The Washington Post reports: The phrase “organized crime” typically conjures up images of drug trafficking or stolen-car rings. But it turns out that the illegal logging trade is just as lucrative — and far more destructive. Between 50 to 90 percent of forestry in tropical areas is now controlled by criminal groups, according to a new report (pdf) from the United Nations and Interpol.
Across the globe, deforestation is a major contributor to climate change, responsible for one-fifth of humanity’s emissions. Farming and logging both play big roles. What makes this area so difficult to regulate, however, is that a great deal of logging simply takes place illegally — much of it in tropical areas such as the Amazon Basin, Central Africa, and Southeast Asia. The U.N. estimates that illicit logging is now worth between $30 billion to $100 billion, or up to 30 percent of the global wood trade.
These rogue lumberjacks are growing more sophisticated, evading the efforts of countries to crack down.
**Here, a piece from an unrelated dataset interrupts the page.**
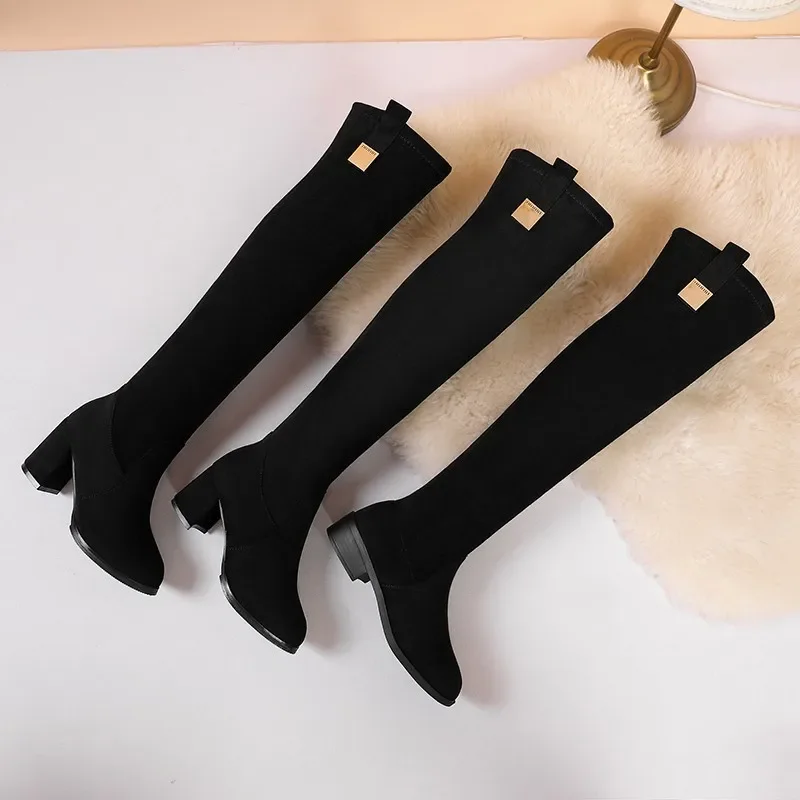 Damskie zamszowe elastyczne buty za kolano 2024 New Winter Warm Plush Long Boot Autumn Slip-On Pointed Thick High Heels Knight Boot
For instance, in the mid-2000s, it appeared as if illegal logging was on the wane in countries such as Indonesia, thanks to stepped-up law enforcement. But the numbers were deceptive. Illicit logging was either migrating to other tropical nations — such as Papua New Guinea or Myanamar — or simply eluding detection.
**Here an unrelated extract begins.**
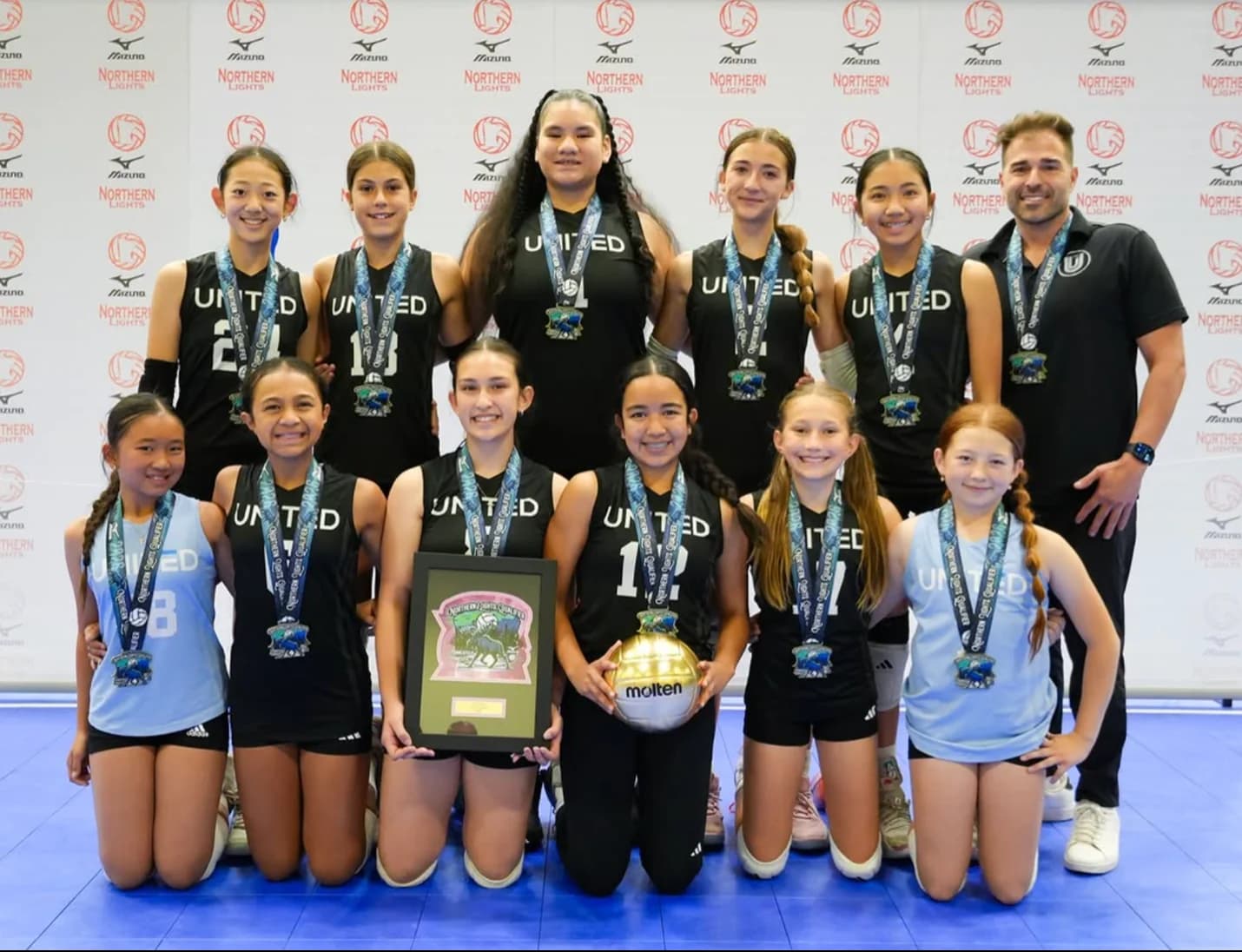 United TX championship team photo with Northern tournament medals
Corruption helps. A well-placed bribe can help groups obtain logging permits illegally, or cut beyond what their permits allow. Crime syndicates can mask their activities by pretending they’re engaged in plantation development or road construction. Chaotic conflict zones, like in the Congo, are ripe for exploitation. And, unlike ivory or cocaine, it’s easy to ship timber without getting caught — simply bundle up illegal logs with legal ones. [Continue reading…]
The UN/Interpol report states: In the last five years, illegal logging has moved from direct illegal logging to more advanced methods of concealment and timber laundering. In this report more than 30 ways of conducting illegal logging, laundering, selling and trading illegal logs are described. Primary methods include falsification of logging permits, bribes to obtain logging permits (in some instances noted as US$ 20–50,000 per permit), logging beyond concessions, hacking government websites to obtain transport permits for higher volumes or transport, laundering illegal timber by establishing roads, ranches, palm oil or forest plantations and mixing with legal timber during transport or in mills.
The much heralded decline of illegal logging in the mid- 2000s in some tropical regions was widely attributed to a short-term law enforcement effort. However, long-term trends in illegal logging and trade have shown that this was temporary, and illegal logging continues. More importantly, an apparent decline in illegal logging is due to more advanced laundering operations masking criminal activities, and not necessarily due to an overall decline in illegal logging.